Si tira el cargamento por la borda lo hace porque quiere… y a la vez sin
querer. Quiere vivir, salvarse y salvar a los hombres que dependen de él,
salvar su barco; pero no quisiera quedarse sin la carga ni el provecho que
representa, por lo que no se desprende de ella sino muy a regañadientes.
Preferiría sin duda no verse en el trance de tener que escoger entre la pérdida
de sus bienes y la pérdida de su vida. Sin embargo, no queda más remedio y debe
decidirse: elegirá lo que quiera más, lo que crea más conveniente. Podríamos
decir que es libre porque no le queda otro remedio que serlo, libre de optar en
circunstancias que él no ha elegido padecer.
Casi siempre que reflexionamos en
situaciones difíciles o importantes sobre lo que vamos a hacer nos encontramos
en una situación parecida a la de ese capitán de barco del que habla
Aristóteles. Pero claro, no siempre las cosas se ponen tan feas. A veces las
circunstancias son menos tormentosas y si me empeño en no ponerte más que
ejemplos con ciclón incorporado puedes rebelarte contra ellos, como hizo aquel
aprendiz de aviador. Su profesor de vuelo le preguntó: «Va usted en un avión,
se declara una tormenta y le inutiliza a usted el motor. ¿Qué debe hacer?» Y el
estudiante contesta: «Seguiré con el otro motor.» «Bueno —dijo el profesor—,
pero llega otra tormenta y le deja sin ese motor. ¿Cómo se las arregla
entonces?» «Pues seguiré con el otro motor.» «También se lo destruye una
tormenta. ¿Y entonces?»
«Pues continúo con otro motor.»
«Vamos a ver —se mosquea el profesor—, ¿se puede saber de dónde saca usted
tantos motores?» Y el alumno, imperturbable: «Del mismo sitio del que saca
usted tantas tormentas.» No, dejemos de lado el tormento de las tormentas.
Veamos qué ocurre cuando hace buen tiempo.
Por lo general, uno no se pasa la
vida dando vueltas a lo que nos conviene o no nos conviene hacer.
Afortunadamente no solemos estar tan achuchados por la vida como el capitán del
dichoso barquito del que hemos hablado.
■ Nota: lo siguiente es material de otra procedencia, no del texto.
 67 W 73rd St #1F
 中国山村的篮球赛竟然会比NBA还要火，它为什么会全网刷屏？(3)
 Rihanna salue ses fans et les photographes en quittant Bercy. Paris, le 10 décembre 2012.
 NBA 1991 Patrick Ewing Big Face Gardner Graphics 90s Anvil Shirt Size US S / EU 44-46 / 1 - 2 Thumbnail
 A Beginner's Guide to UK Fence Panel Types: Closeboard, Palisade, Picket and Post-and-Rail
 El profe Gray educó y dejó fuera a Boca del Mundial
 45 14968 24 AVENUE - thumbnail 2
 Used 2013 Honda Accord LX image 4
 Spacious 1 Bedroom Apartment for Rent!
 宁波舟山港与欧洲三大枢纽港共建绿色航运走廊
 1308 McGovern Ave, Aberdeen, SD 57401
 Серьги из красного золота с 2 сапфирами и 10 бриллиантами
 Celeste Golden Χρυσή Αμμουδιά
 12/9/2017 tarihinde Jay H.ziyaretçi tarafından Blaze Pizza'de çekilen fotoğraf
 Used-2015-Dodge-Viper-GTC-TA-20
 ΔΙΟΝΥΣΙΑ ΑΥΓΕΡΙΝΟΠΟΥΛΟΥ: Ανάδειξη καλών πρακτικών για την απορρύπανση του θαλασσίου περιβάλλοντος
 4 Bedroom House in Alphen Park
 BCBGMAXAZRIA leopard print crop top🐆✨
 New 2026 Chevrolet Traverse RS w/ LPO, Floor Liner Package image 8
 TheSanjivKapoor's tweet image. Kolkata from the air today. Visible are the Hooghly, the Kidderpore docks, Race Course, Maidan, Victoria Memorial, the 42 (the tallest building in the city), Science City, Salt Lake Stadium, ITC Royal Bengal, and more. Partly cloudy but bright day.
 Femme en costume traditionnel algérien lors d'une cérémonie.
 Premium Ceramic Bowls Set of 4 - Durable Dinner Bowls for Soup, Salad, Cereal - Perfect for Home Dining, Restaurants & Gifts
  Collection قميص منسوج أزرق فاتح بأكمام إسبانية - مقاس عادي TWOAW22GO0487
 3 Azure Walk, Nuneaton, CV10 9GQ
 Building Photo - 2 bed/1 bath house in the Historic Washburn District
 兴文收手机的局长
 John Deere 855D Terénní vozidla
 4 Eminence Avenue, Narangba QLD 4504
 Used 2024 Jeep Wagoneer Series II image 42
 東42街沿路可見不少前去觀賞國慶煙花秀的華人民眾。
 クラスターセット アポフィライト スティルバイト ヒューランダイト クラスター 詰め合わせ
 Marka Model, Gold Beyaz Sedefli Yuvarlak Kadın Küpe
Si vamos a ser sinceros, tendremos que
reconocer que la mayoría de nuestros actos los hacemos casi automáticamente,
sin darle demasiadas vueltas al asunto. Recuerda conmigo, por favor lo que has
hecho esta mañana. A una hora indecentemente temprana ha sonado el despertador
y tú, en vez de estrellarlo contra la pared como te apetecía, has apagado la
alarma. Te has quedado un ratito entre las sábanas, intentando aprovechar los
últimos y preciosos minutos de comodidad horizontal. Después has pensado que se
te estaba haciendo demasiado tarde y el autobús para el cole no espera, de modo
que te has levantado con santa resignación. Ya sé que no te gusta demasiado
lavarte los dientes pero como te insisto tanto para que lo hagas has acudido
entre bostezos a la cita con el cepillo y la pasta. Te has duchado casi sin
darte cuenta de lo que hacías, porque es algo que ya pertenece a la rutina de
todas las mañanas. Luego te has bebido el café con leche y te has tomado la
habitual tostada con mantequilla. Después, a la dura calle. Mientras ibas hacia
la parada del autobús repasando mentalmente los problemas de matemáticas —¿no
tenías hoy control?— has ido dando patadas distraídas a una lata vacía de
coca-cola. Más tarde el autobús, el colegio, etc.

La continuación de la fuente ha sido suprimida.